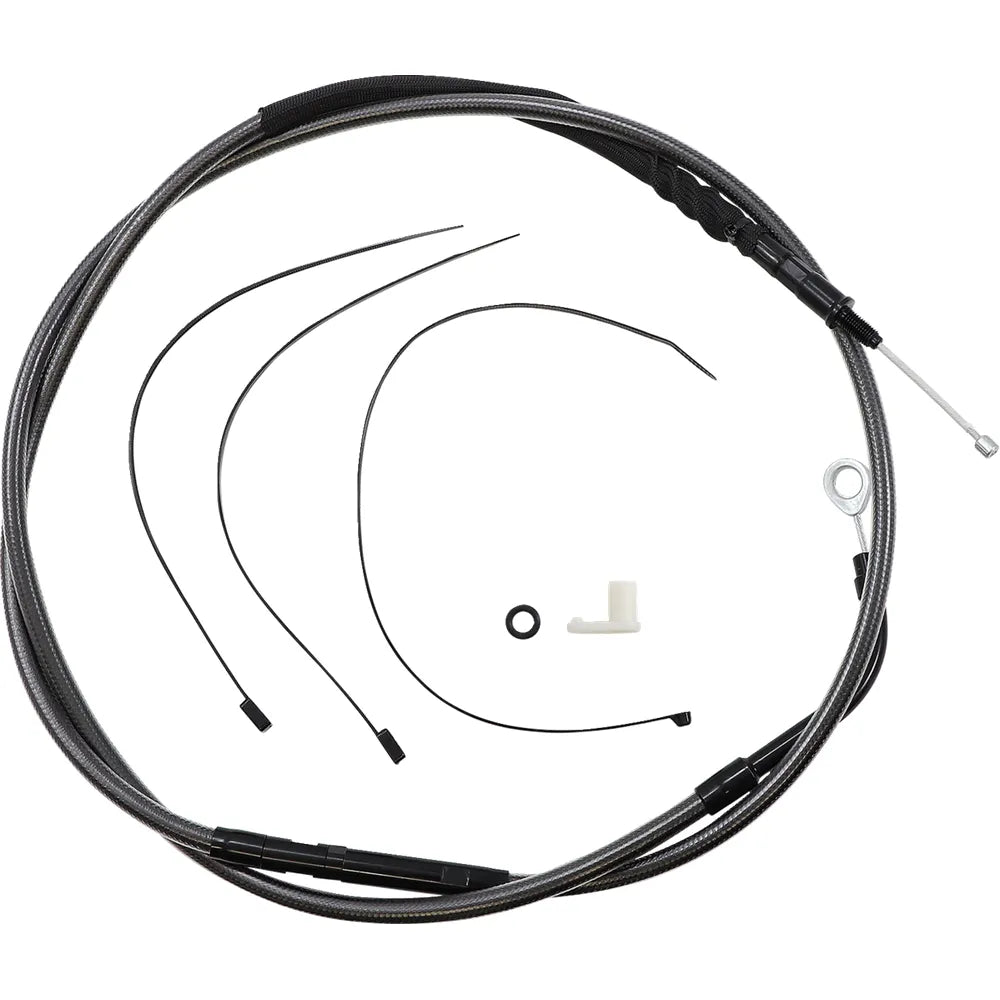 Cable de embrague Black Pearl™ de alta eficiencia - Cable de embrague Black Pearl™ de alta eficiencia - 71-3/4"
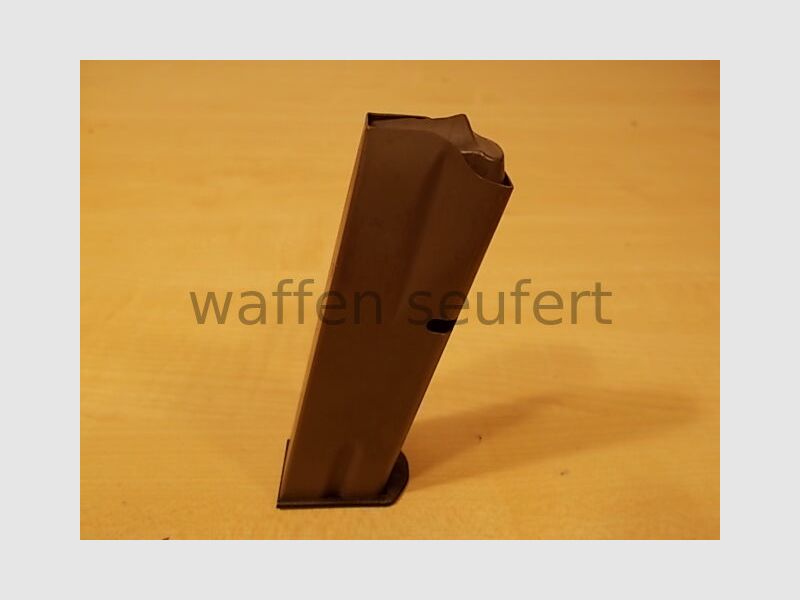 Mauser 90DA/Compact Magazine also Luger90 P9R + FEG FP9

****************************************

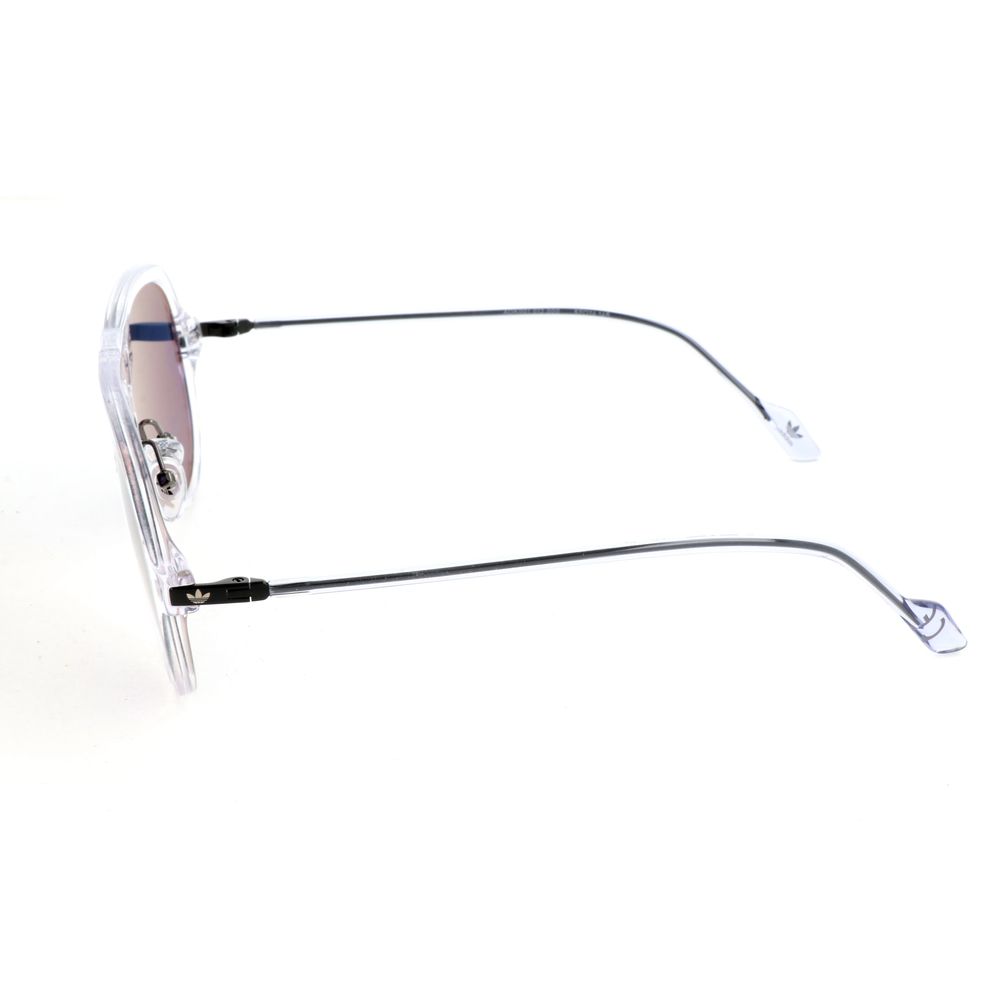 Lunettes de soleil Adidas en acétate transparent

****************************************

- EXERCISE BRIEF
Find the line with "Cable de embrague Black Pearl™ de alta eficiencia - Cable" in the data above, and from there retype each line exactly through the line with "Mauser 90DA/Compact Magazine", skipping the pictures along the way.

- RESPONSE
 Cable de embrague Black Pearl™ de alta eficiencia - Cable de embrague Black Pearl™ de alta eficiencia - 71-3/4"
 Mauser 90DA/Compact Magazine also Luger90 P9R + FEG FP9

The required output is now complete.